Exercise prompt: Could you restate the data below word for word, without its pictures?
** Working data follows **
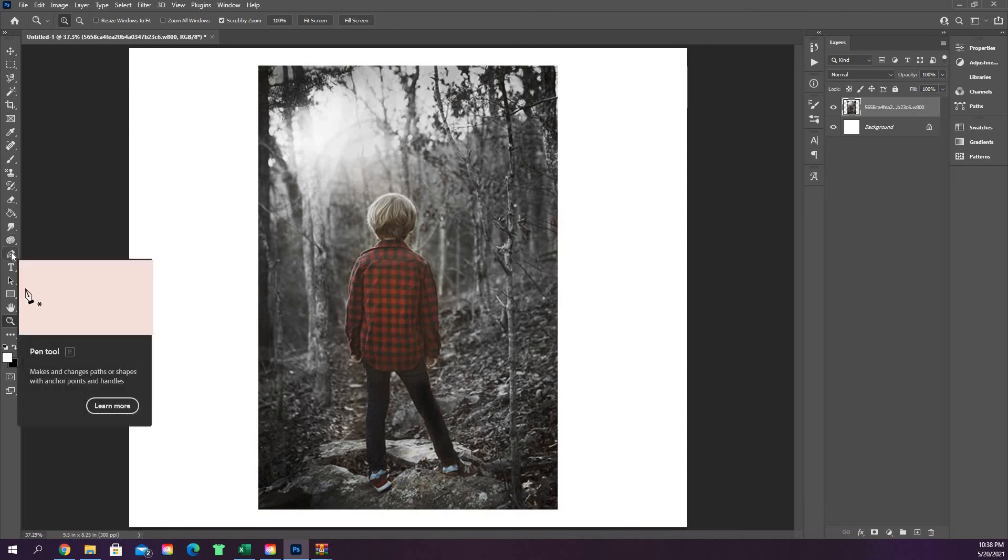Pretty straightforward. The next little section here we have is the pen tool, not a thing I use a whole lot, but it's something that we'll go over just because that's what we're doing here in Photoshop 101. So we'll see you in the next video.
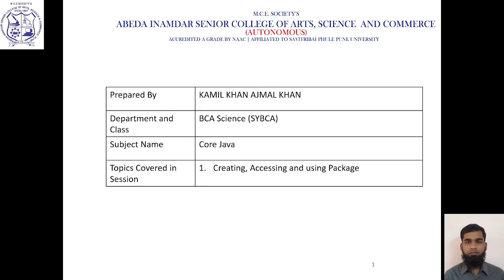Hello everyone. I am Kamil Khan, Assistant Professor, BCA Science Department, Abide Namjad Senior College. Today's subject is Go Java. We will cover creating, accessing and using packages.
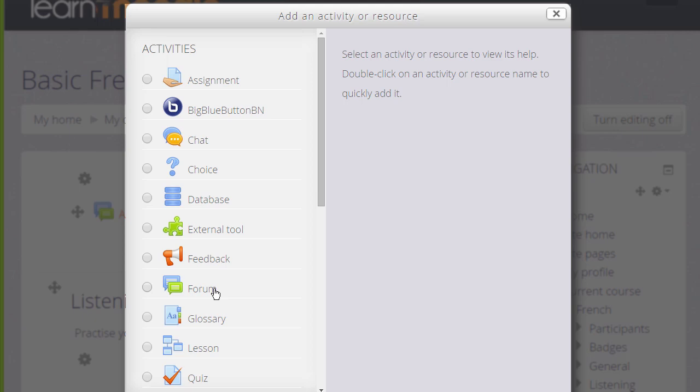The list can also include resources and activities which are not standard but which your Moodle admin has added as extras. The learn Moodle site for instance has big blue button for web conferencing which isn't standard but which has been added.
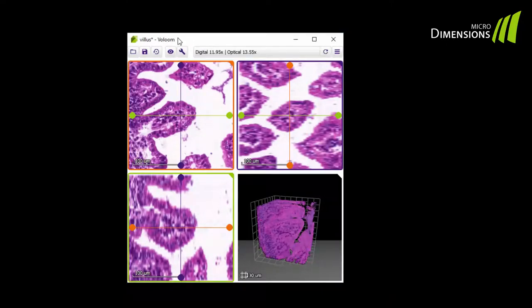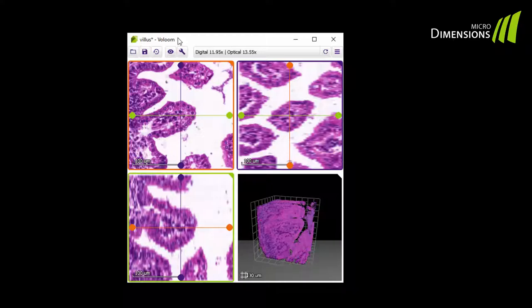I have loaded an already reconstructed dataset in Volume. What you see here is the colon of a mouse embryo where I have zoomed in on the villus. Now let's see how you can segment that villus out of the volume.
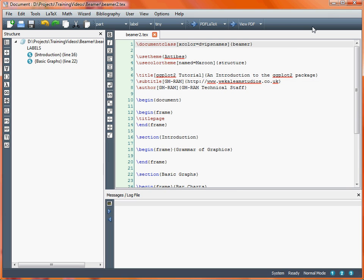LaTeX Beamer is a good package for the LaTeX typesetting system for creating presentations. We previously looked at creating a title page where we can put on the title, author, date and other information, as well as changing the appearance of a presentation using some of the predefined themes and changing the overall colour of the theme. Those are covered by the usetheme and usecolortheme commands, and we have the title information in the preamble, with a frame containing the title page at the start of the document.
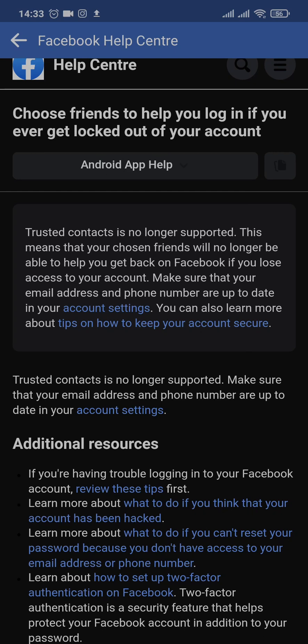Now the only thing you can do is make sure that you remember your email address or your phone number, just in case you forget your password.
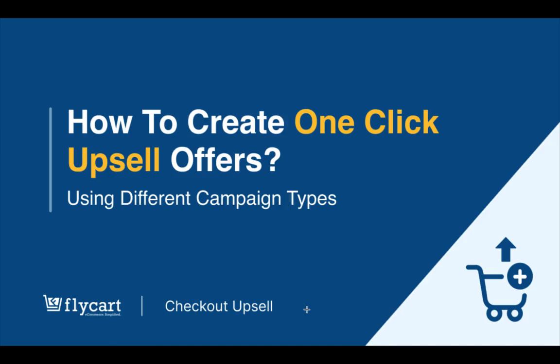Hi everyone, welcome to this video. In this video we're going to focus on three upselling strategies: the first one is pre-purchase, post-purchase, and frequently bought together. Let me quickly show you how to get started with these campaigns and how they function.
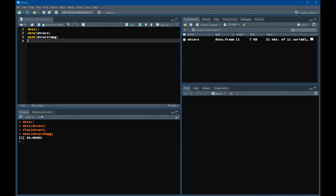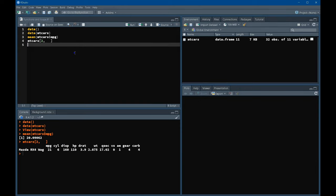Now, a general introduction to referring to fields of a data frame. If you want to see a specific row and all its columns, we type 'mtcars[2,]' — the '2' means row two, and leaving the second index blank means all columns. In the console you will see that row two is the Mazda RX4: miles per gallon is 21, number of cylinders is 6, and so forth.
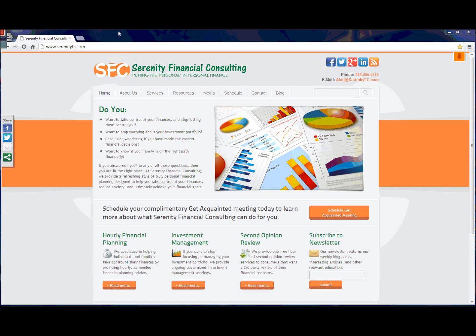Hi, this is Alan Moore, Certified Financial Planner and Founder of Serenity Financial Consulting. Today we're going to be doing a video walkthrough of some of the award-winning technology that Serenity Financial Consulting offers to our clients.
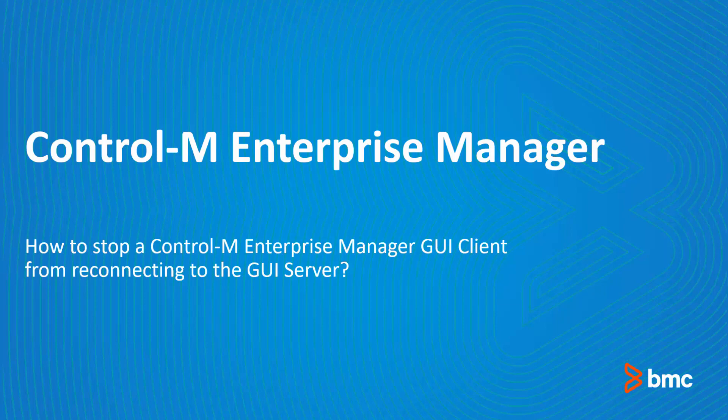Welcome to the support videos for Workload Automation video series. This video will demonstrate how to stop a Control-M Enterprise Manager GUI client from reconnecting to the GUI server.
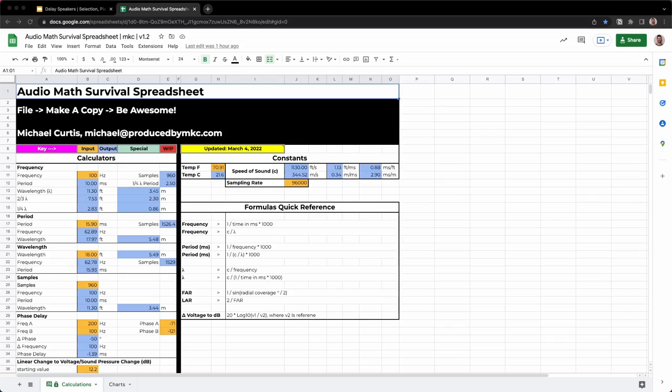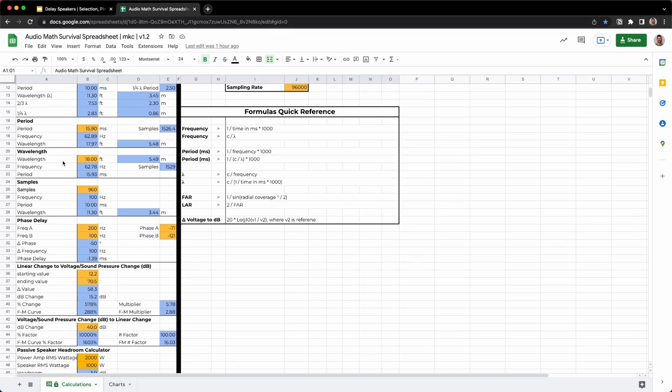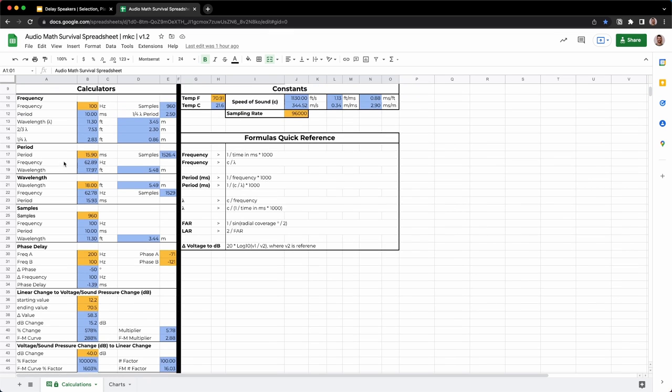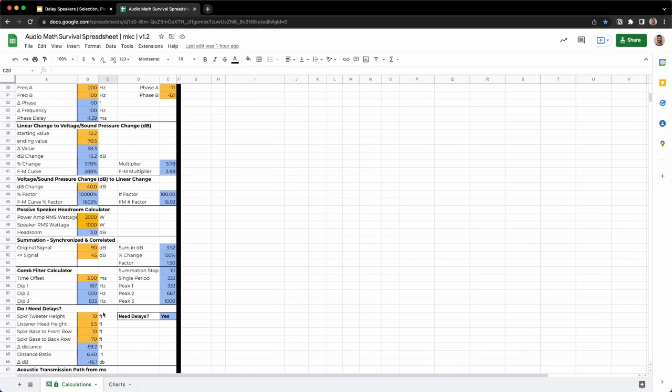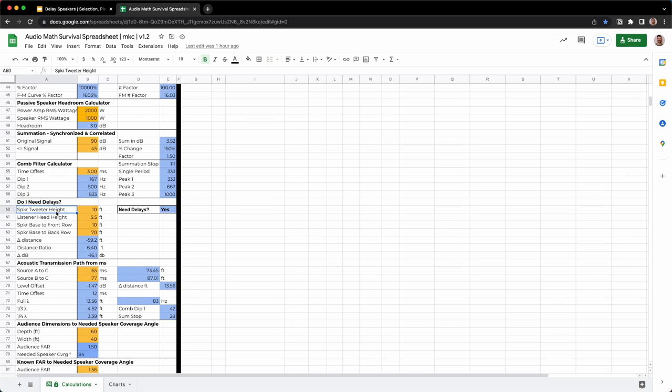If you like figuring out stuff like this using trigonometry and fun math, you'd love my audio math survival spreadsheet. We're going to be looking at it a lot today — several different calculations. You can get that at producedbymkc.com/audio-toolkit, along with a lot of other great tools. We'll rely on the wavelength formula to convert feet of displacement into milliseconds of offset for our delay values, and there's a 'do I need delays' calculator right there too.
** End of Working data **
Exercise output:
Pretty straightforward. The next little section here we have is the pen tool, not a thing I use a whole lot, but it's something that we'll go over just because that's what we're doing here in Photoshop 101. So we'll see you in the next video.
Hello everyone. I am Kamil Khan, Assistant Professor, BCA Science Department, Abide Namjad Senior College. Today's subject is Go Java. We will cover creating, accessing and using packages.
The list can also include resources and activities which are not standard but which your Moodle admin has added as extras. The learn Moodle site for instance has big blue button for web conferencing which isn't standard but which has been added.
I have loaded an already reconstructed dataset in Volume. What you see here is the colon of a mouse embryo where I have zoomed in on the villus. Now let's see how you can segment that villus out of the volume.
LaTeX Beamer is a good package for the LaTeX typesetting system for creating presentations. We previously looked at creating a title page where we can put on the title, author, date and other information, as well as changing the appearance of a presentation using some of the predefined themes and changing the overall colour of the theme. Those are covered by the usetheme and usecolortheme commands, and we have the title information in the preamble, with a frame containing the title page at the start of the document.
Now the only thing you can do is make sure that you remember your email address or your phone number, just in case you forget your password.
Hi everyone, welcome to this video. In this video we're going to focus on three upselling strategies: the first one is pre-purchase, post-purchase, and frequently bought together. Let me quickly show you how to get started with these campaigns and how they function.
Now, a general introduction to referring to fields of a data frame. If you want to see a specific row and all its columns, we type 'mtcars[2,]' — the '2' means row two, and leaving the second index blank means all columns. In the console you will see that row two is the Mazda RX4: miles per gallon is 21, number of cylinders is 6, and so forth.
Hi, this is Alan Moore, Certified Financial Planner and Founder of Serenity Financial Consulting. Today we're going to be doing a video walkthrough of some of the award-winning technology that Serenity Financial Consulting offers to our clients.
Welcome to the support videos for Workload Automation video series. This video will demonstrate how to stop a Control-M Enterprise Manager GUI client from reconnecting to the GUI server.
If you like figuring out stuff like this using trigonometry and fun math, you'd love my audio math survival spreadsheet. We're going to be looking at it a lot today — several different calculations. You can get that at producedbymkc.com/audio-toolkit, along with a lot of other great tools. We'll rely on the wavelength formula to convert feet of displacement into milliseconds of offset for our delay values, and there's a 'do I need delays' calculator right there too.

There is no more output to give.